Pictures appear among the records below and must be omitted. Repeat exactly the lines from the line with "And that's simply" to the line with "The confirmed event update tag is", both included.

• **Task data**:
******************************
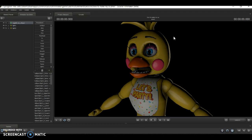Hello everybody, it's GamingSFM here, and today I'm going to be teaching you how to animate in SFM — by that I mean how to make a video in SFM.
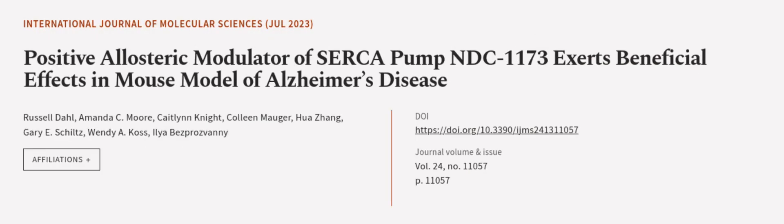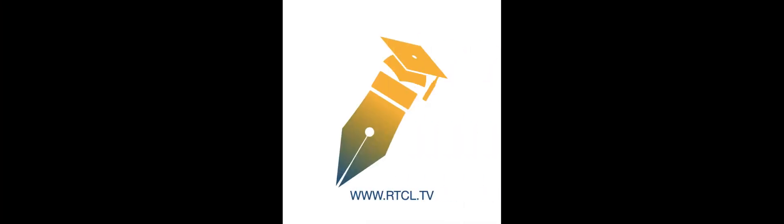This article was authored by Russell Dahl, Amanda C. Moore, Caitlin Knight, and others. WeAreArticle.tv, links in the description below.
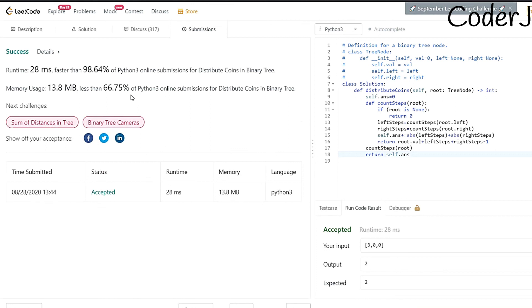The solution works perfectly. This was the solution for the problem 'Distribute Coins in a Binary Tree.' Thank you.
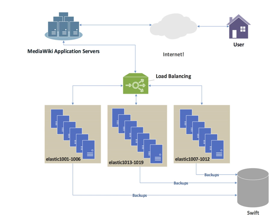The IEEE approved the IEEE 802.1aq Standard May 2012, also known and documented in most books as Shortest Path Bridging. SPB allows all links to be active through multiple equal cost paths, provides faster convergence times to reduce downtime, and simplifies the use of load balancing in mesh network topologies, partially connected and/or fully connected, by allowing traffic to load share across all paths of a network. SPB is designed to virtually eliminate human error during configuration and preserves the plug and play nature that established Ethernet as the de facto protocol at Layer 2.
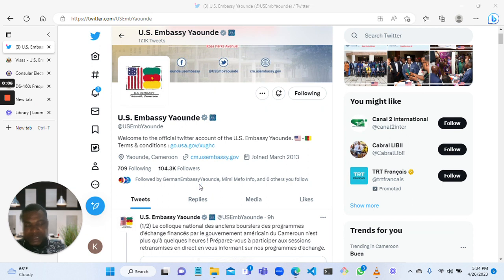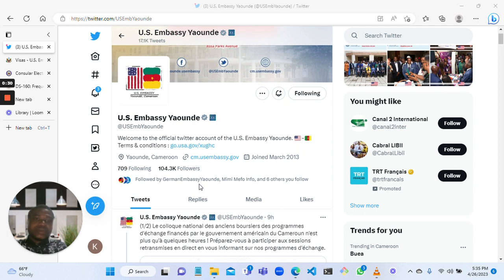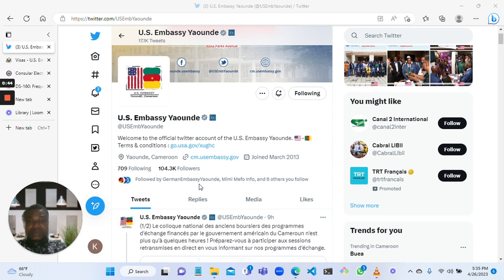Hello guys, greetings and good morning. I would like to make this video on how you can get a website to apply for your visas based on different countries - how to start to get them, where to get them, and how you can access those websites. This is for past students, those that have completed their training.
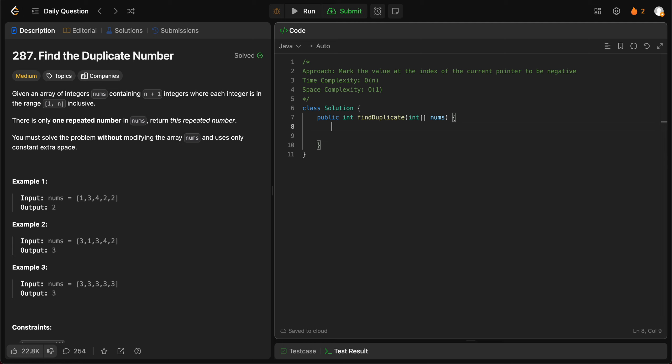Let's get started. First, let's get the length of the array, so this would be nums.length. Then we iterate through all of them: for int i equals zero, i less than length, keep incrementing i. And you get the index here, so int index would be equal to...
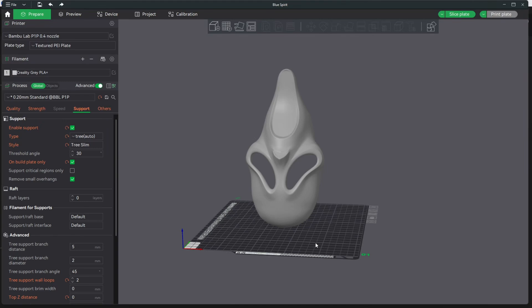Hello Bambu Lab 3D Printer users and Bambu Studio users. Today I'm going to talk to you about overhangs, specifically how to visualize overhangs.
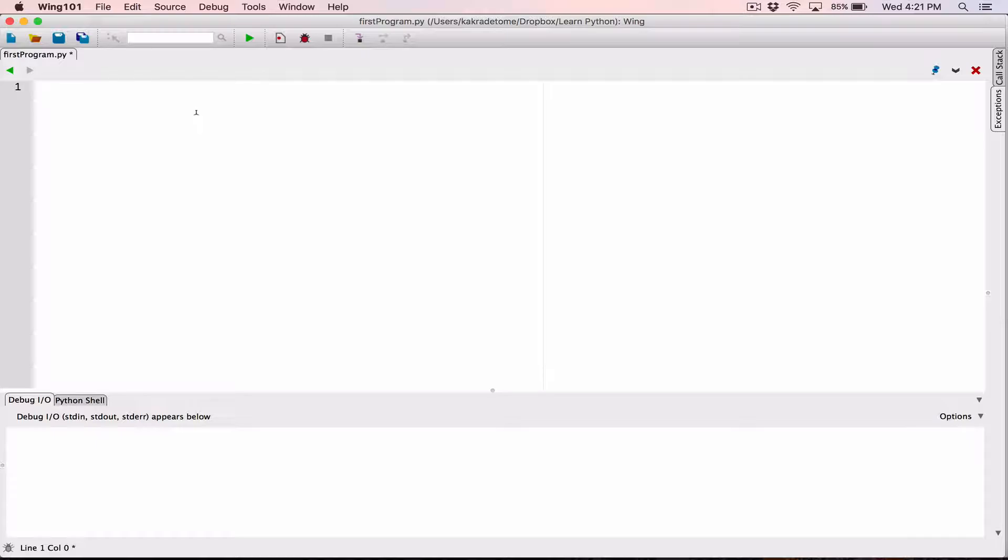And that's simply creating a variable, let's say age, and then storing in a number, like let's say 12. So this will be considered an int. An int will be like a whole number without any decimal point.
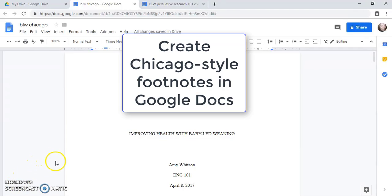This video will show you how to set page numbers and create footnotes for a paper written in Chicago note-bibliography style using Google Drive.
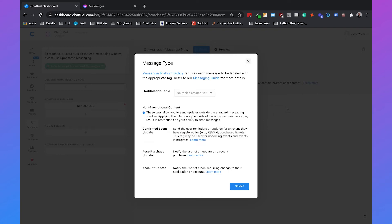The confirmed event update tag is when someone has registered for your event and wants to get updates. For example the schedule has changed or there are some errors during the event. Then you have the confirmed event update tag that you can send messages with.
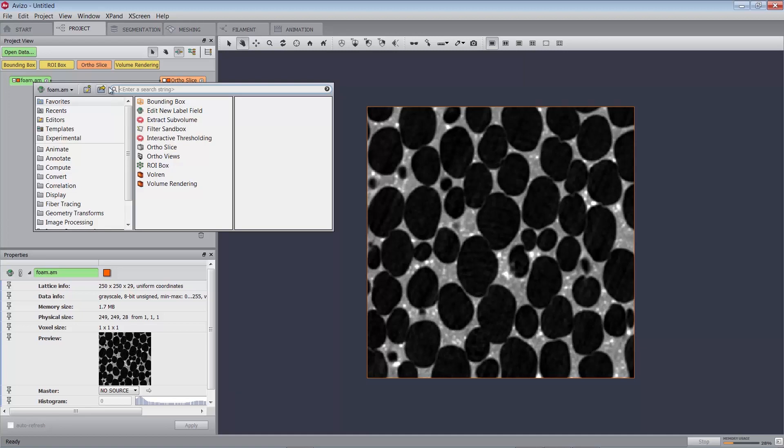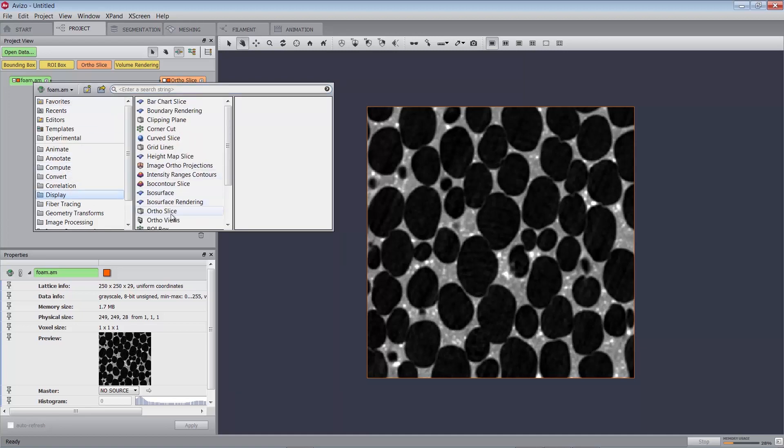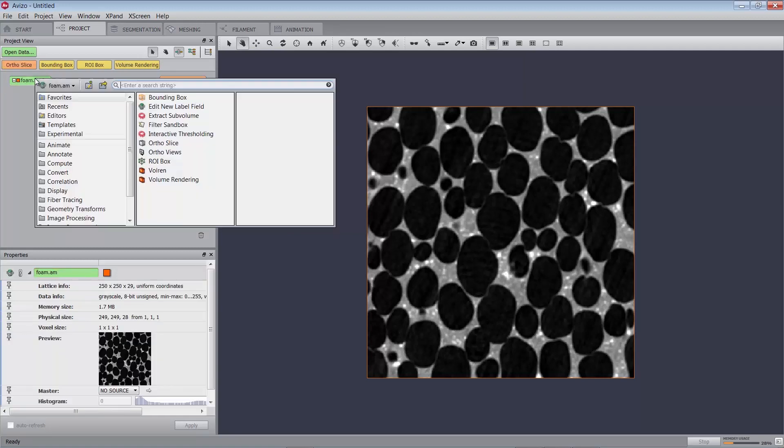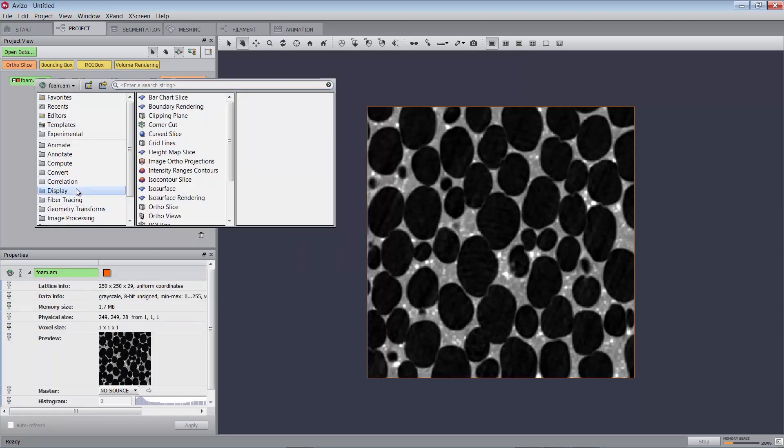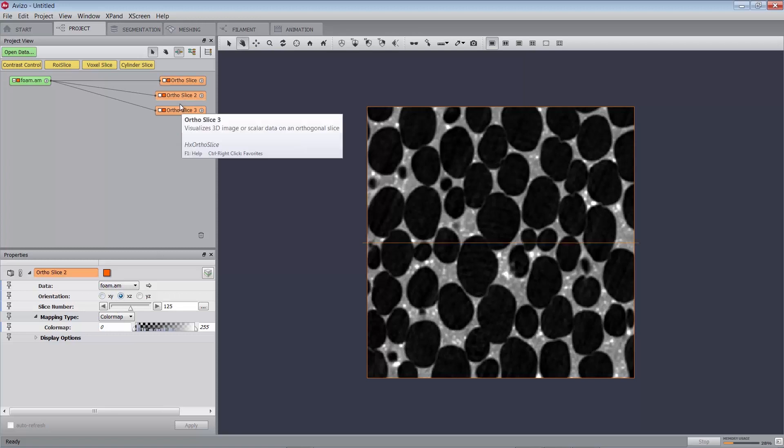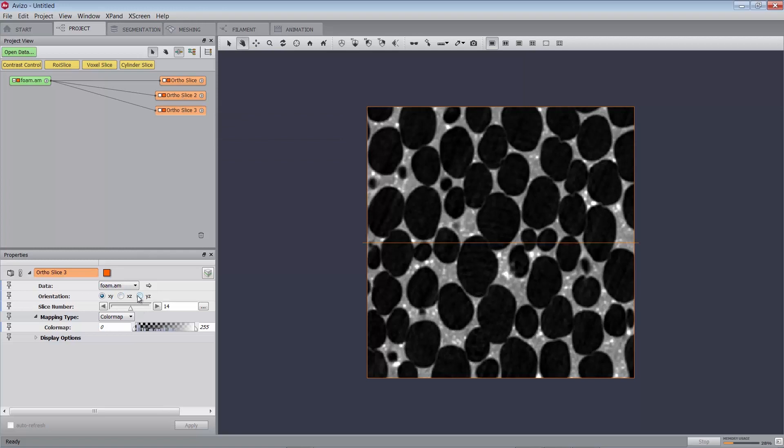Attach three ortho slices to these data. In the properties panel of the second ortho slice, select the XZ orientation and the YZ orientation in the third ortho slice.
******************************
• **Written response**:
And that's simply creating a variable, let's say age, and then storing in a number, like let's say 12. So this will be considered an int. An int will be like a whole number without any decimal point.
This video will show you how to set page numbers and create footnotes for a paper written in Chicago note-bibliography style using Google Drive.
The confirmed event update tag is when someone has registered for your event and wants to get updates. For example the schedule has changed or there are some errors during the event. Then you have the confirmed event update tag that you can send messages with.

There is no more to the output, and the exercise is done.